NEWS

No confidence motion fails, 141-159

No confidence motion fails, 141-159

The no-confidence motion tabled against the government by several opposition parties failed Thursday night, with 141 MPs voting for and 159 against.

The 158 MPs of the ruling New Democracy party were joined by an independent MP, who has bolted from the far-right Spartiates (Spartans), to reject the motion.

The result had been expected. A defection by New Democracy MPs that would bring down the government would have been a surprise of immense proportions.

The vote was preceded by speeches by Prime Minister Kyriakos Mitsotakis and opposition party leaders in a highly charged atmosphere, not only because they focused on the fatal train crash at Tempe last year, but also because it was preceded by the surprise news of the resignation of two government ministers, which reinforced the opposition attacks within Parliament.

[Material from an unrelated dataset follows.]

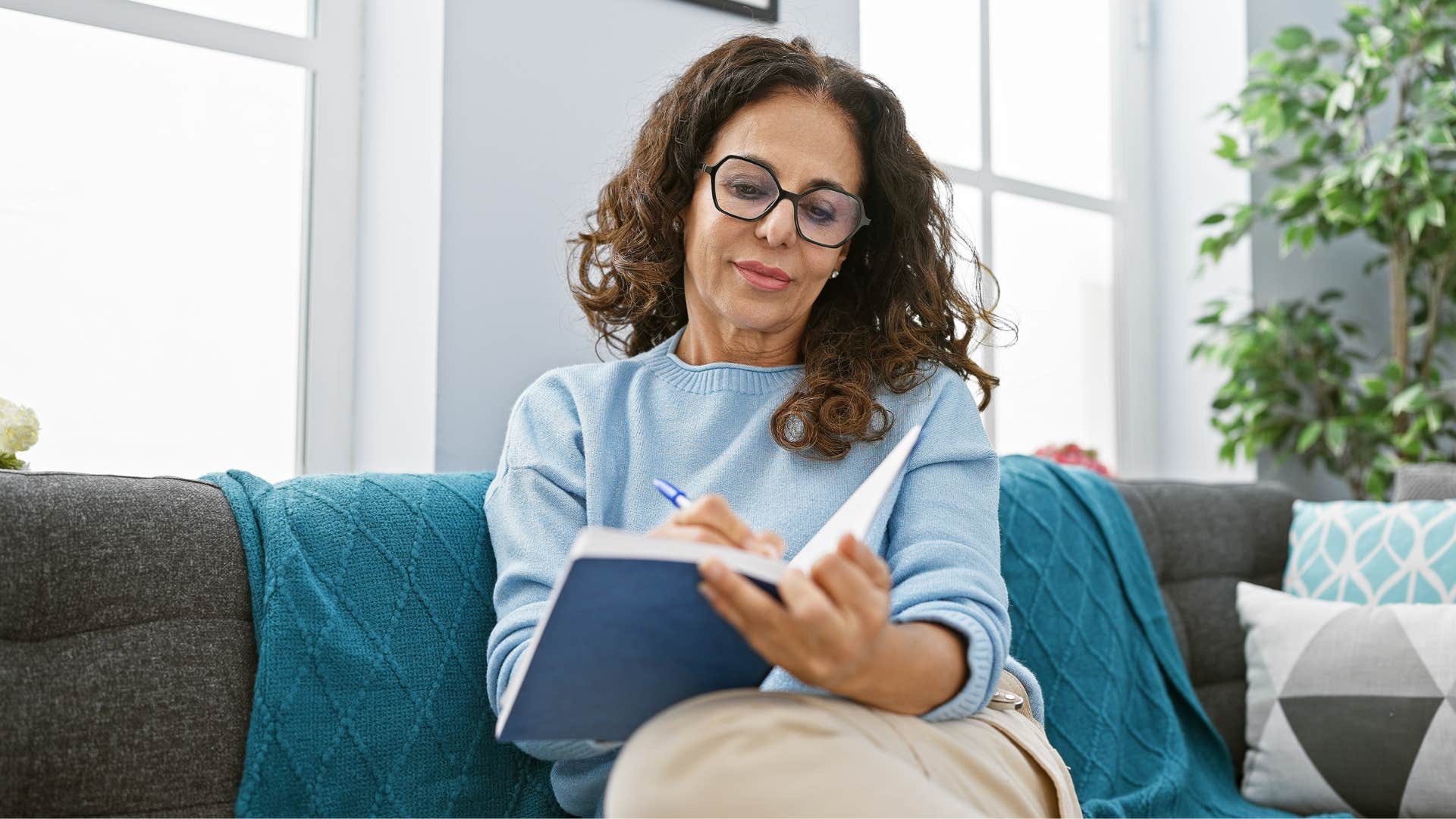 woman writing in her gratitude journal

Mitsotakis hit back at the opposition, calling their motion “unacceptable” and “inappropriate,” and denouncing their “brutal attempt” to take advantage of the widespread grief for the February 28, 2023, Tempe rail disaster that he said went far beyond the families of the 57 dead and the hundreds of injured train passengers. “They tried to turn grief into a party banner,” Mitsotakis said of the opposition.

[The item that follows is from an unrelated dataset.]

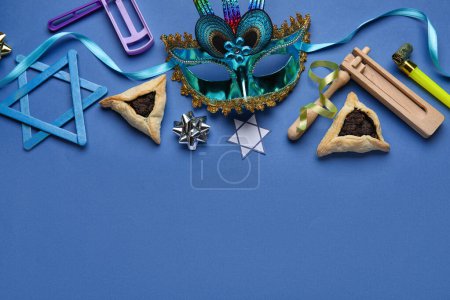Foto de Hamantaschen cookies, carnival mask and rattles for Purim holiday on blue background - Imagen libre de derechos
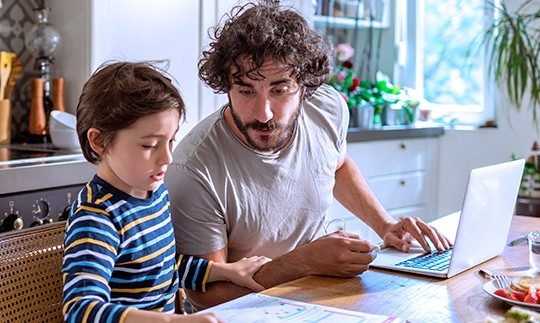 Man sits in front of his laptop at his kitched table, next to his son who is showing him sometimg on a paper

For the accident itself, which opposition speakers insisted on calling a “crime,” Mitsotakis said it was the moment where the state’s long-standing structural deficiencies met human error. Despite their concerted attacks on the government, opposition parties could not conceal the conflicting tendencies. The statements that preceded the charged speeches by the political leaders are indicative of the climate that has developed. The extreme-left wing of SYRIZA, as expressed by Nikos Pappas, reiterated the rhetoric about the danger of electoral fraud, making reference to a dark past of the ruling conservatives.

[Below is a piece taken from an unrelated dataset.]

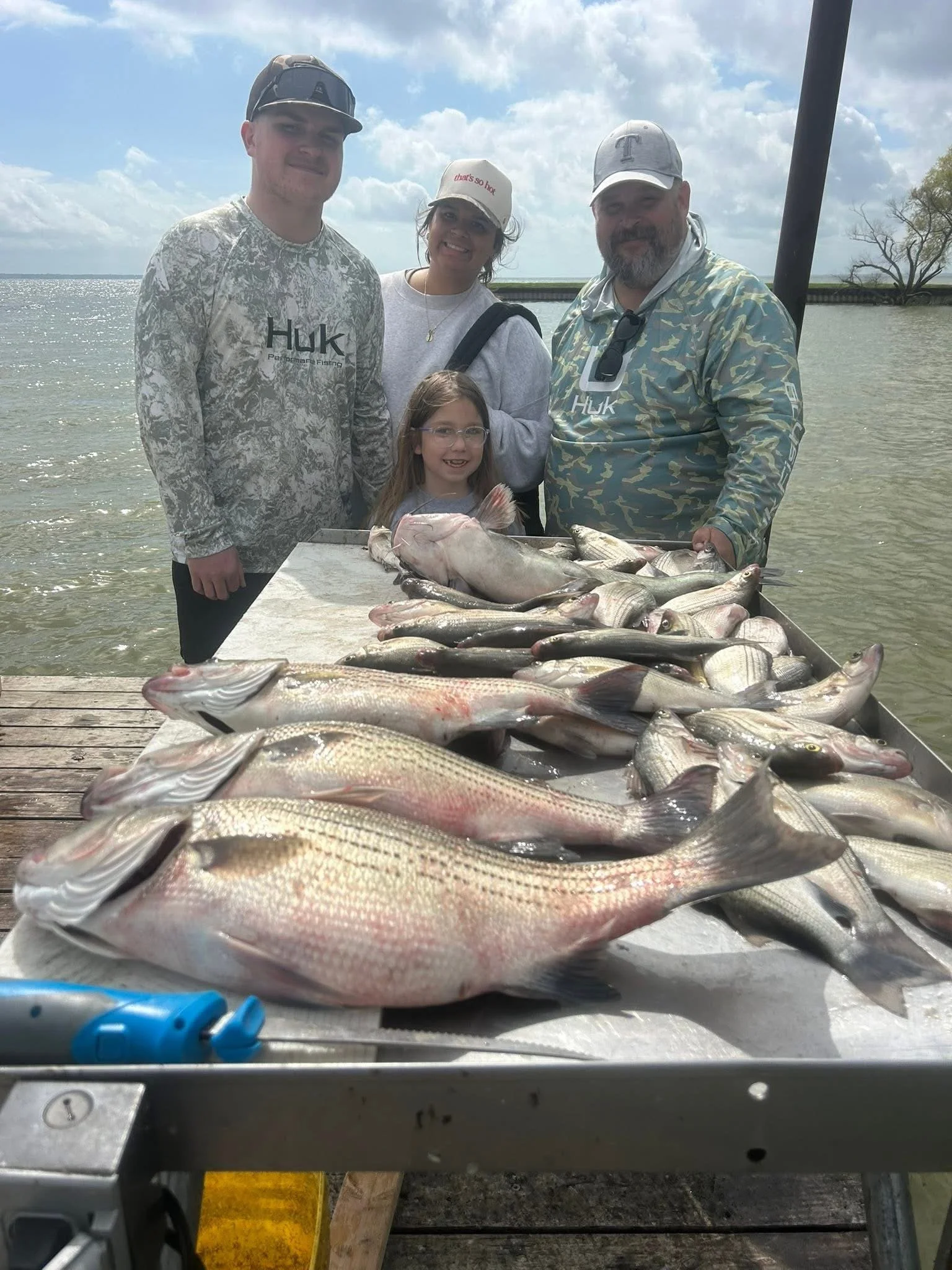 A group of four people, two men, one woman, and a girl, standing behind a table filled with fish outdoors near water, with a cloudy sky and trees in the background.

“We are returning to the gloomy days of your political ancestors of the ERE [a Greek political party formed in 1956 by Konstantinos Karamanlis] and the 1961 elections [marred by fraud],” he said.

Evangelia Liakouli on the part of socialist PASOK said her party is the “institutional guarantor against the institutional aberration” of New Democracy. Euclid Tsakalotos of SYRIZA splinter party New Left said the conditions are not ripe for an alternative leftist proposal of governance, while a few hours later Effie Achtsioglou launched her own motion of censure against the new SYRIZA leadership: “Greek society does not deserve this opposition,” she said. At the same time the “civil war” continued to rage on the right side of the political spectrum, with nationalist Greek Solution accusing the Niki party and its leader of fantasizing about spearheading the patriotic front.